White Sox manager Rick Renteria challenged the ruling on the field, but it was upheld after replay review. Anderson had a brief conversation with umpire Joe West then went back to his position. Shortly thereafter, West ejected Anderson, who became irate.

After the game, Anderson said of West, via Vinnie Duber of NBC Sports Chicago, “I asked him a question, and he kind of got pissed at me. I asked him if he saw [Báez] reach for my leg in the replay. He asked me if I was going to argue that, and I said, ‘No, I was just asking a question.’ And after that I didn’t say anything else. He started barking at me. Kept staring me down. I gave him, ‘Why you keep looking at me?’ Did that twice and threw me out.”

Anderson then said, “I don’t have much to say about him. Everybody knows he’s terrible. But I didn’t say much and he threw me out. It’s OK.” Anderson added about the play in which one can see Báez reach his arm out to interfere with Anderson, “Yeah, definitely. You could see it in the replay. That’s just one of the many that they missed in New York, I guess.”

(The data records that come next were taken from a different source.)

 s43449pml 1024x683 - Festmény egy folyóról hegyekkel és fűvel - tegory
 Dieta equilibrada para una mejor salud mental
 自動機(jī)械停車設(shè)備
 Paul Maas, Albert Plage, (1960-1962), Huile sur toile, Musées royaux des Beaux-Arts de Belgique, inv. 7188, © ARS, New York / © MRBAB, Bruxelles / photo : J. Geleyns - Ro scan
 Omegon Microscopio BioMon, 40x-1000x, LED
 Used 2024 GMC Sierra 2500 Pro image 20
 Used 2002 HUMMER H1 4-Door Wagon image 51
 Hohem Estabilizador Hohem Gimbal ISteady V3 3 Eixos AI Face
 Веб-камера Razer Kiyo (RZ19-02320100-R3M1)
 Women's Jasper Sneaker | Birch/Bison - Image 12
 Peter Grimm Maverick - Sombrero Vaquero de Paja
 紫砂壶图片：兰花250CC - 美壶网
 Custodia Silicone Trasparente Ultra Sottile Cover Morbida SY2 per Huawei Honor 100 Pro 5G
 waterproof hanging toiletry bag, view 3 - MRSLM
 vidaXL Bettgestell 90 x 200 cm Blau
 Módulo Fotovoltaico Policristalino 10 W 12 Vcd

Anderson’s criticism of West doesn’t come as a surprise. West has had a reputation as an instigator for decades. Major League Baseball almost never holds umpires accountable for their conduct on the field and some umpires, like West, take advantage of this knowledge.

It was a bittersweet ending for Anderson as he homered earlier in the game, becoming the first White Sox shortstop ever to have 20 home runs and 20 stolen bases in the same season. It’s just the sixth 20/20 season in White Sox history, joining Alex Ríos (2010, 2012), Ray Durham (2001), Magglio Ordóñez (2001), and Tommie Agee.

Anderson accounted for the only run the White Sox scored on Sunday against the Cubs with an RBI double. On the season, he’s hitting .243/.284/.412 with those 20 homers, 26 steals, 64 RBI, and 76 runs in 594 plate appearances.